(Web page caption snippets)
....................

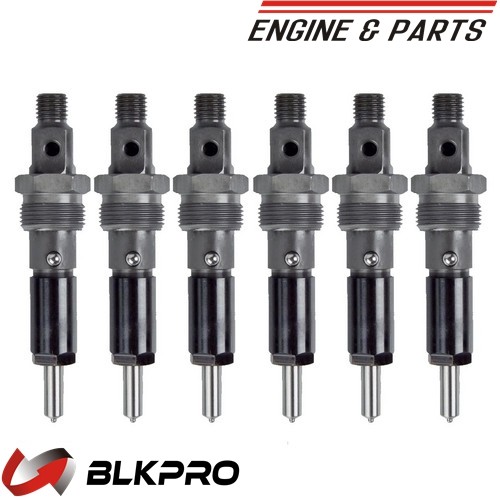 6* Injector For Cummins 6B B5.9 4B 3.9L Bosch Type Mechanical 3919339 3802325 6* Injector For Cummins 6B B5.9 4B 3.9L Bosch Type Mechanical 3919339 3802325
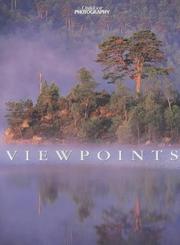 Cover of: Viewpoints from "Outdoor Photography" (Outdoor Photography) by Outdoor Photography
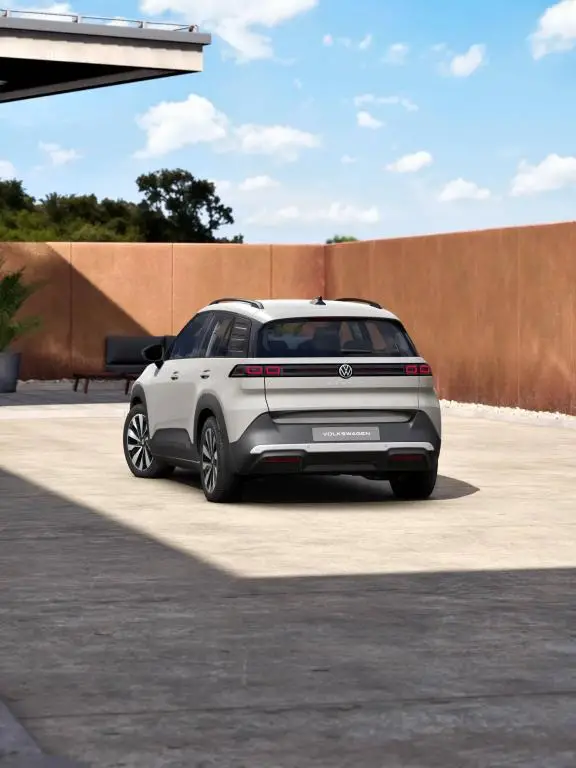 Volkswagen ID. Cross Life 52kWh / 155kW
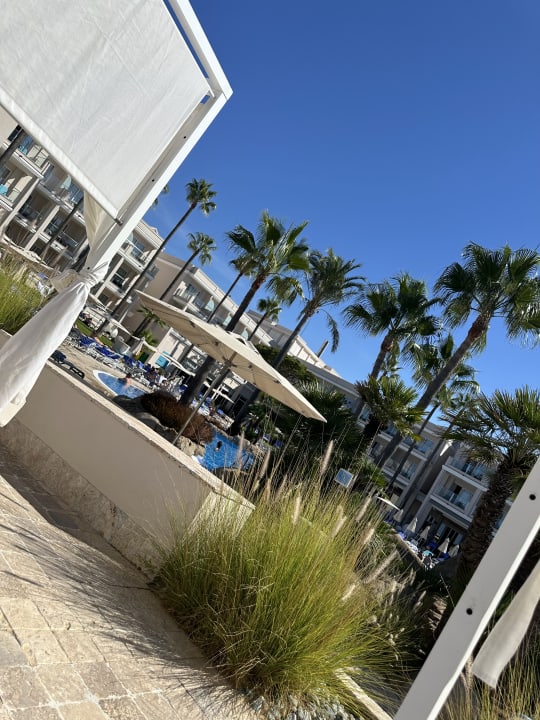 Pool Hipotels Playa la Barrosa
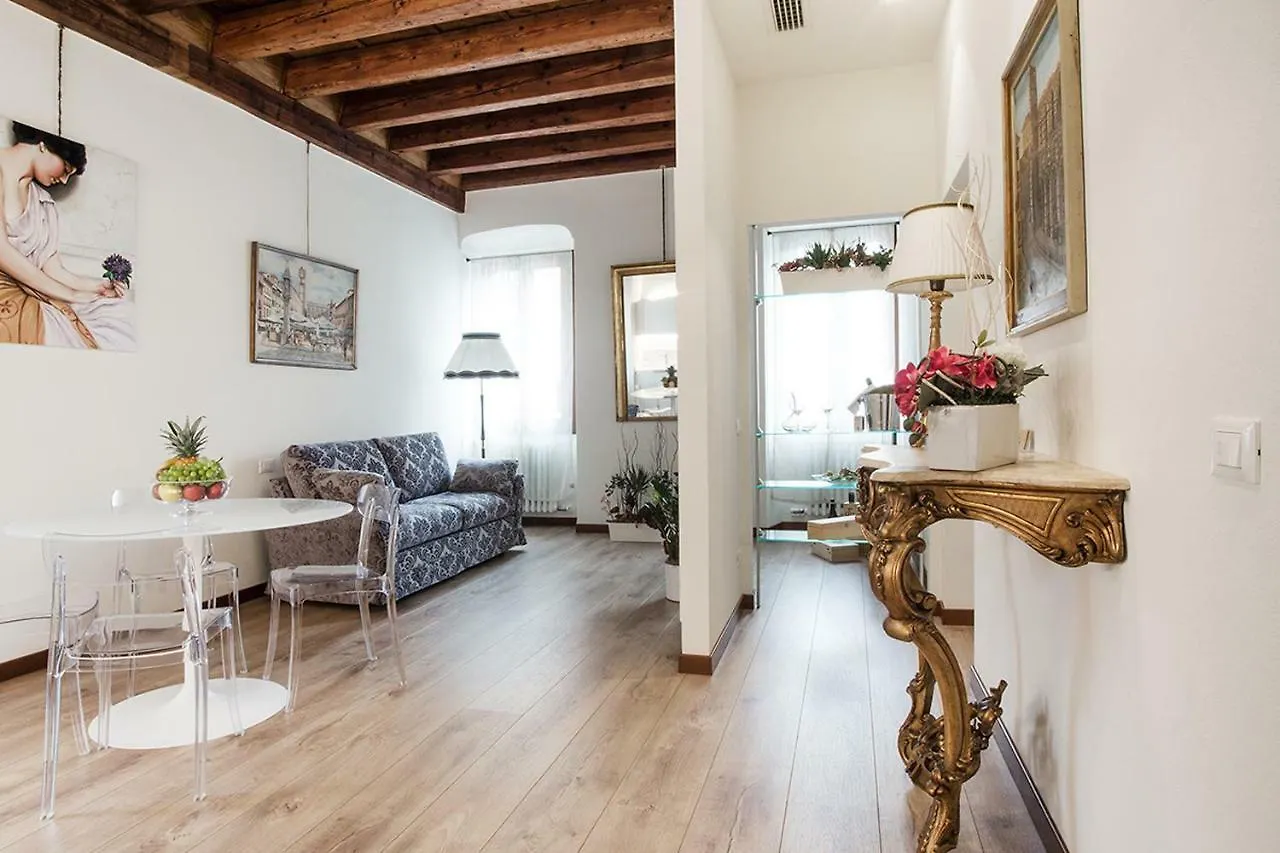 Residenza Duomo3 - Apartments Verona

....................

Although the records contain pictures, the copy should hold only their text, reproduced exactly.

 6* Injector For Cummins 6B B5.9 4B 3.9L Bosch Type Mechanical 3919339 3802325 6* Injector For Cummins 6B B5.9 4B 3.9L Bosch Type Mechanical 3919339 3802325
 Cover of: Viewpoints from "Outdoor Photography" (Outdoor Photography) by Outdoor Photography
 Volkswagen ID. Cross Life 52kWh / 155kW
 Pool Hipotels Playa la Barrosa
 Residenza Duomo3 - Apartments Verona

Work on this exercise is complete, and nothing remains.